Disney Junior
- Final logo, used from 11 February 2019 to 1 April 2024 (1 March 2024 in Denmark)
- Country: United Kingdom
- Broadcast area: Nordic countries
- Headquarters: London, United Kingdom

Programming
- Languages: English; Danish; Finnish; Norwegian; Russian (2012–2023); Swedish;
- Picture format: SDTV 576i

Ownership
- Owner: The Walt Disney Company Limited; Disney Branded Television (Disney Entertainment);
- Sister channels: Disney Channel

History
- Launched: 2006; 20 years ago (channel) 2024; 2 years ago (block on Disney Channel)
- Closed: 1 March 2024; 2 years ago (Denmark, channel) 1 April 2024; 2 years ago (channel)
- Former names: Playhouse Disney (2006-2011)

= Disney Junior (Scandinavia) =

Scandinavian television channel

Disney Junior was a British-managed Scandinavian television block owned and operated by The Walt Disney Company Limited; targeted for preschoolers targeting the Nordic countries.

== History ==
It was launched in 2006 on the Canal Digital and Viasat satellite platforms. Cable networks launched it later on.
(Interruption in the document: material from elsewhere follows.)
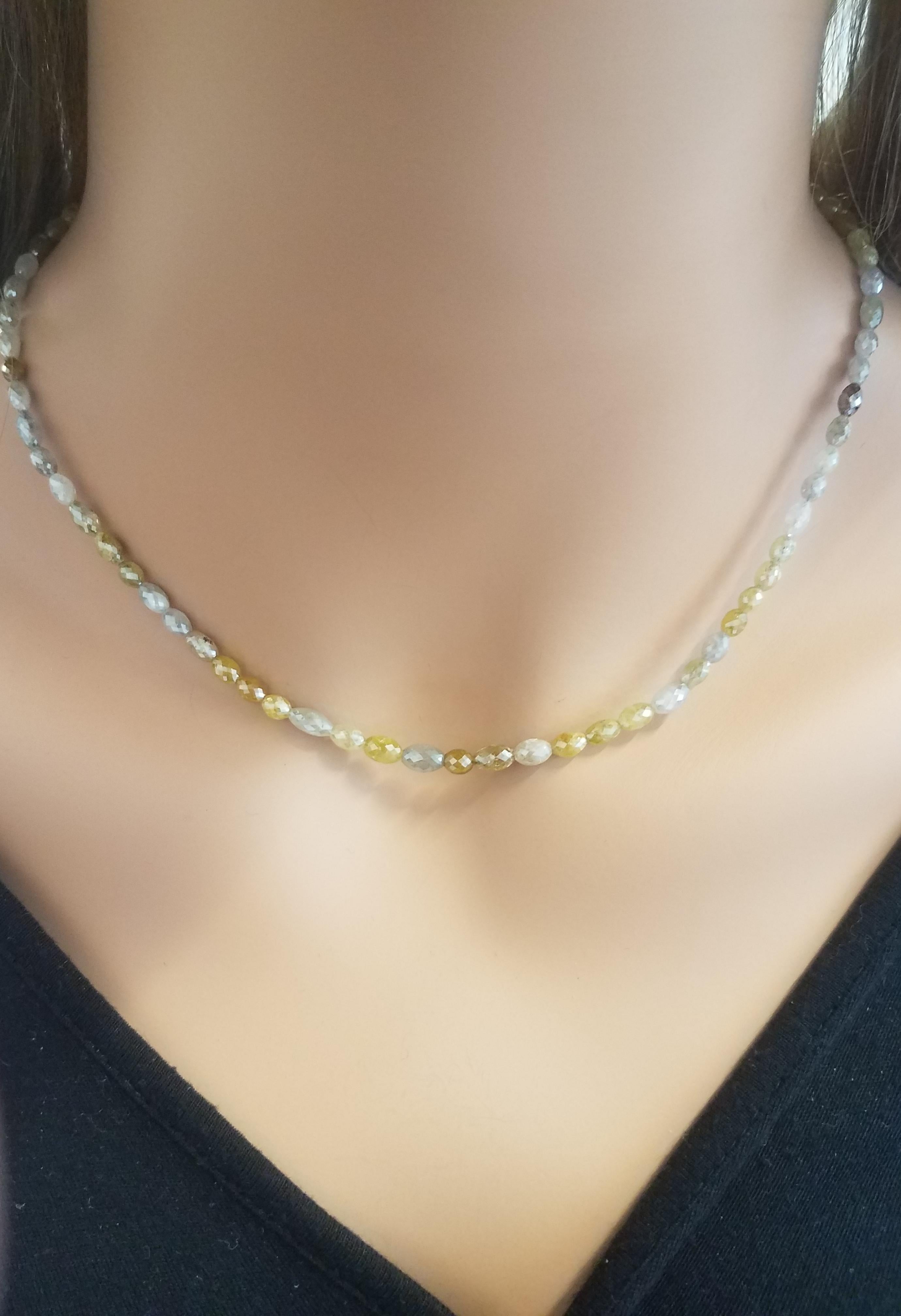 The 14K Yellow Gold setting will give the necklace a warm, classic look, and the 50.00 CTW of multi-color briolette diamonds would make for a stunning and vibrant piece. The 81 stones suggest that each diamond may be smaller, but together they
Com Hem, the largest cable network in Sweden, launched it on 2 April 2007. Before 10 September 2011, this channel was called Playhouse Disney; the last show as Playhouse Disney was Special Agent Oso at 6:30 PM.

On 19 January 2024, The Walt Disney Company Nordic announced that Disney Junior in Denmark would be closed on 1 March 2024 and its content would be moved to Disney Channel; while in February 2024, the company announced that Disney Junior would be shut down and merged with Disney Channel, at the same time to relaunch a new version of the main channel on 1 April 2024 and would also include a Disney Junior branded block during mornings and at weekends.